1

I want to use Parallel.ForEach to manipulate one set and return another. But I seem to get an empty one.And There is an asynchronous method that needs to be executed in Parallel.ForEach.

This is a console app with netcore2.2 in windows 10.

        public static ConcurrentBag<int> GetList()
        {
            ConcurrentBag<int> result = new ConcurrentBag<int>() ;
            List<int> list = new List<int> { 1, 2, 3 };
            Parallel.ForEach(list, async i => {
                await Task.Delay(i*1000);
                result.Add(i * 2);
            });
            return result;
        }
        public static void Main(String[] args)
        {
            List<int> list = new List<int>();
            var res = GetList();
            list.AddRange(res);
            Console.WriteLine("Begging.");
            foreach (var item in list)
            {
                Console.WriteLine(item);
            }
            Console.ReadLine();
        }

I expect {2,4,6},but actual an empty one.

zhusp
  • 131
  • 12
  • Why are you using `async` and `await Task.Delay(i*1000);`? `Parallel.ForEach` doesn't play well with `async`. – mjwills Sep 17 '19 at 07:57
  • 1
    What you might want to consider doing is `return list.AsParallel(stuffhere).ToList();`. _I mean, it is pointless, but it will give you parallelism._ – mjwills Sep 17 '19 at 07:58
  • 1
    Don't use `Parallel.ForEach` for async code. It's meant for data parallelism **only** and can't await any tasks. What you did is fire off a bunch of tasks that may not even run before your application terminates. Parallel.ForEach has *no* way to wait for those tasks – Panagiotis Kanavos Sep 17 '19 at 07:59
  • ConcurrentBag is not a good choice either. Unlike the other concurrent collections it's a *specialized* class that uses thread-local storage to allow faster access to the thread that created an object. This means that the main thread will take longer to read the results than if you used eg a ConcurrentQueue – Panagiotis Kanavos Sep 17 '19 at 08:01

1 Answers1

2

await is the culprit. What you need to understand is that await is a fancy return. If the caller doesn't understand tasks, all it sees is the return. Parallel.ForEach doesn't expect a delegate that returns task, so it has no idea how to wait for the await to complete.

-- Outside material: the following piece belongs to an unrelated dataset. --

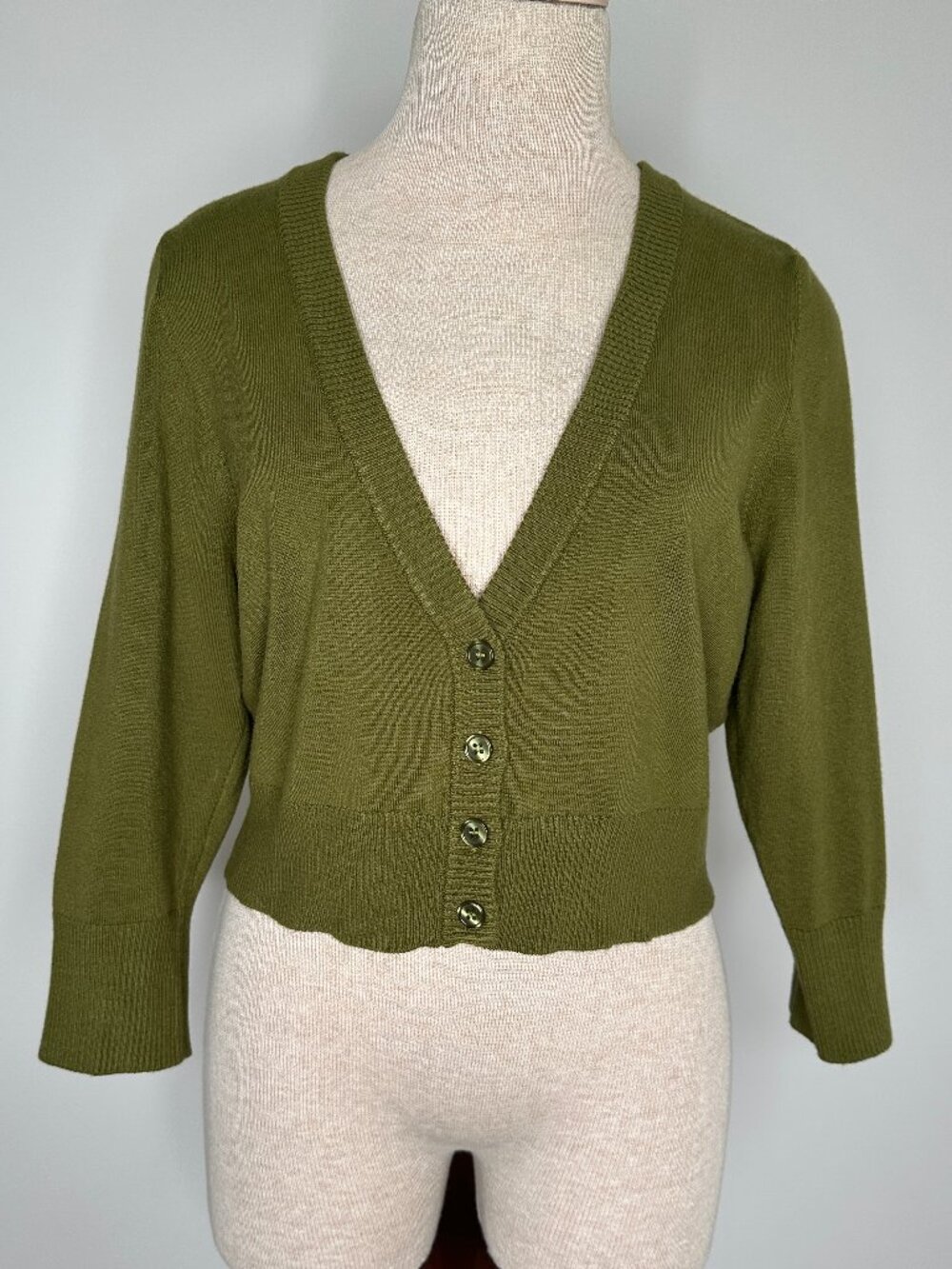 ModCloth Women's Olive Green Cropped Cardigan Sweater Knit Retro V-Neck Size XL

The Parallel.ForEach finishes almost as soon as it started, and long before anything gets written to result.

Now, Parallel is supposed to be used for CPU-bound operations, so this is not a problem. If you want to simulate a long-running CPU-bound operation, use Thread.Sleep instead of await Task.Delay.

As a side note, how would you parallelize a task-based operation that is I/O bound? The simplest way would be something like this:

await Task.WhenAll(list.Select(YourAsyncOperation));

Where YourAsyncOperation is an async method returning Task, which can use Task.Delay as much as you want. The main problem with this simple approach is that you must be sure that YourAsyncOperation actually does an await, soon, and ideally doesn't use a synchronization context. In the worst case, all of the calls are going to be serialized. Well, really, in the absolute worst case, you get a deadlock, but... :)

Luaan
  • 62,244
  • 7
  • 97
  • 116